29 I zaraz ustał jej krwotok, i poczuła na ciele, że jest uleczona z tej dolegliwości.
30 A Jezus poznawszy zaraz, że z nie go moc uszła, zwrócił się do ludu i rzekł: Kto się dotknął, szat moich?
31 Na to rzekli mu uczniowie jego: Widzisz, że lud napiera na ciebie, a pytasz: Kto się mnie dotknął?
32 I spojrzał wokoło, aby ujrzeć tę, która to uczyniła.

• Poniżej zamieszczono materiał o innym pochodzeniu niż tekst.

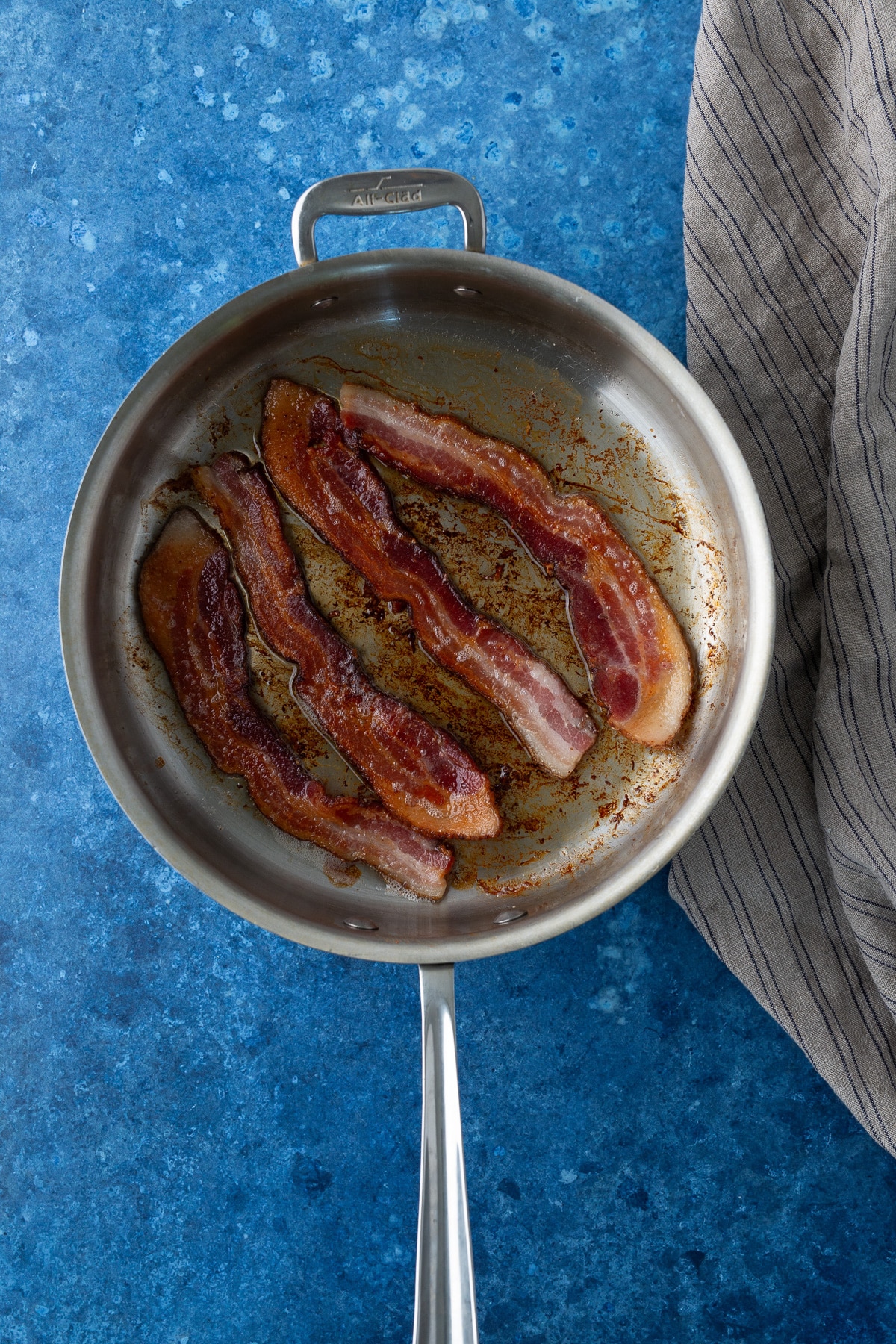 bacon being cooked in skillet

33 Wtedy owa niewiasta z bojaźnią i drżeniem, wiedząc, co się jej stało, przystąpiła, upadła przed nim i wyznała mu całą prawdę.
34 A On jej rzekł: Córko, wiara twoja uzdrowiła cię, idź w pokoju i bądź uleczona z dolegliwości swojej.
35 A gdy jeszcze mówił, nadeszli domownicy przełożonego synagogi i donieśli: Córka twoja umarła, czemu jeszcze trudzisz Nauczyciela?
36 Ale Jezus, usłyszawszy, co mówili, rzekł do przełożonego synagogi: Nie bój się, tylko wierz!
37 I nie pozwolił nikomu iść z sobą, z wyjątkiem Piotra i Jakuba, i Jana, brata Jakuba.
38 I przyszli do domu przełożonego synagogi, gdzie ujrzał zamieszanie i płaczących, i wielce zawodzących.
39 A wszedłszy, rzekł im: Czemu czynicie zgiełk i płaczecie? Dziecię nie umarło, ale śpi.
40 I wyśmiali go. Ale On, usunąwszy wszystkich, wziął z sobą ojca i matkę dziecięcia i tych, którzy z nim byli, i wszedł tam, gdzie leżało dziecię.
41 I ująwszy dziewczynkę za rękę, rzekł jej: Talita kumi! Co znaczy: Dziewczynko, mówię, ci, wstań.
42 I zaraz dziewczynka wstała i chodziła, miała bowiem dwanaście lat. I wpadli w wielkie osłupienie i zachwyt.
43 I przykazał im usilnie, aby się o tym nikt nie dowiedział. I powiedział, aby jej dano jeść.